American baseball player (born 1954)

John Paul Poloni (born February 28, 1954) is an American left-handed former Major League Baseball pitcher who appeared in two games for the Texas Rangers in 1977.

==Career==
Poloni was originally drafted out of Lutheran West High School in Detroit, Michigan by the Pittsburgh Pirates in the third round of the 1972 amateur draft; however he opted not to sign. He was then drafted by the Rangers in the sixth round of the 1975 amateur draft out of Arizona State University, signing.

Poloni spent three seasons in the minor leagues until making his big league debut on September 16, 1977. Pitching against the Minnesota Twins in his first match, Poloni pitched two innings, allowing one earned run while allowing two hits and striking out two batters. The first batter he faced was Butch Wynegar.

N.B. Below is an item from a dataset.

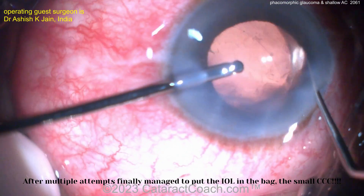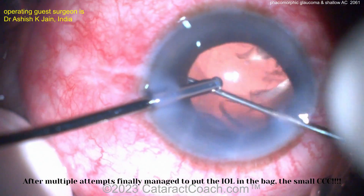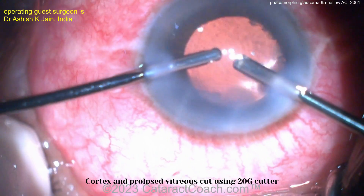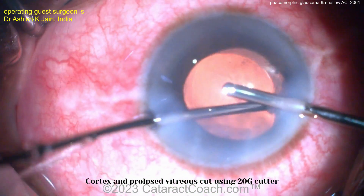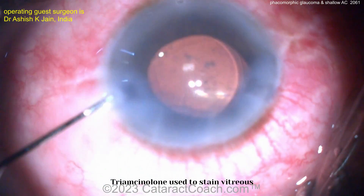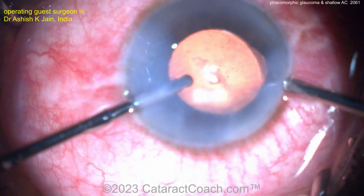A lot of times, patients with phacomorphic glaucoma can have very weak zonules. Now finally the lens gets into the capsular bag. Remember, that is definitely a small rhexis — that's the tough part with a small rhexis; it makes it very difficult to get the lens in if a haptic ends up in the sulcus. Now cleaning up a little bit of that lens material. The vitreous cutter is going in for the vitrectomy, and aspirating out a little bit of remaining lens cortex. In this case, you took out a crystalline lens — a cataract probably at least 5 millimeters thick — and replaced it with a man-made lens that's about a millimeter thin. That solves the issue of the closed angle and the glaucoma. Triamcinolone goes in the eye.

He started his second game on October 2 against the Oakland Athletics. He pitched five innings, allowing six hits and four earned runs, while striking out three batters and walking one, earning the win. He was relieved by Roger Moret, who earned the save.

In total, Poloni went 1-0 with a 6.43 ERA in seven innings. He allowed eight hits and one walk while striking out five batters.

He then pitched in the minor leagues in 1978, 1980, 1983 and from 1985 to 1986. In eight seasons on the farm, he went 45-44 with a 4.24 ERA in 120 games (95 starts).